A long-simmering feud between two Florida Republican presidential heavyweights has erupted out into the open over the past day, prompted in part by the release of federal campaign-finance disclosures.
The campaigns of former Florida Gov. Jeb Bush (R) and Sen. Marco Rubio (R-Florida) publicly traded barbs Thursday over the reports, each trying to outdo the other over which campaign was thriftier and in better position going forward.
And Bush’s son, Jeb Bush Jr., also dinged Rubio over a plethora of missed Senate votes, something for which the senator has faced increased scrutiny from both sides of the political aisle in recent weeks.
The biggest area of debate came over the campaigns’ “cash on hand” — the money they had in the bank heading into the final fundraising quarter of the year. Money raised in the third quarter, and the resulting cash on hand, is crucial, because much of it goes into a ramp-up in advertising in key early-voting states.
The Rubio campaign said Thursday that it had almost $US11 million cash on hand, a figure that would put him behind only Sen. Ted Cruz (R-Texas) and retired neurosurgeon Ben Carson.

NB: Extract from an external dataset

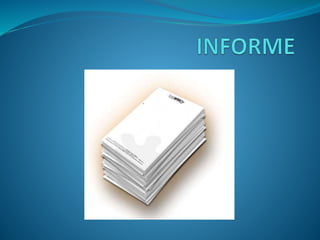 Textos técnicos y científicos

The Miami Herald’s Patricia Mazzei wrote that “when it comes to campaign finance, the devil is in the details.” Indeed, digging into Rubio’s numbers reveals a more complicated picture than what his campaign had laid out in the days and weeks before.
First, the FEC report shows Rubio raised approximately $US5.7 million, when his campaign had said that number was $US6 million. And second, Rubio only has that much cash on hand if his campaign is assuming that he’ll win the nomination.
Here’s the breakdown: Rubio has about $US10.98 million on hand, according to the FEC filing. But of that, about $US1.23 million counted toward the general election, meaning he can’t use those funds during the primary. So his primary cash on hand ends up being more like $US9.75 million.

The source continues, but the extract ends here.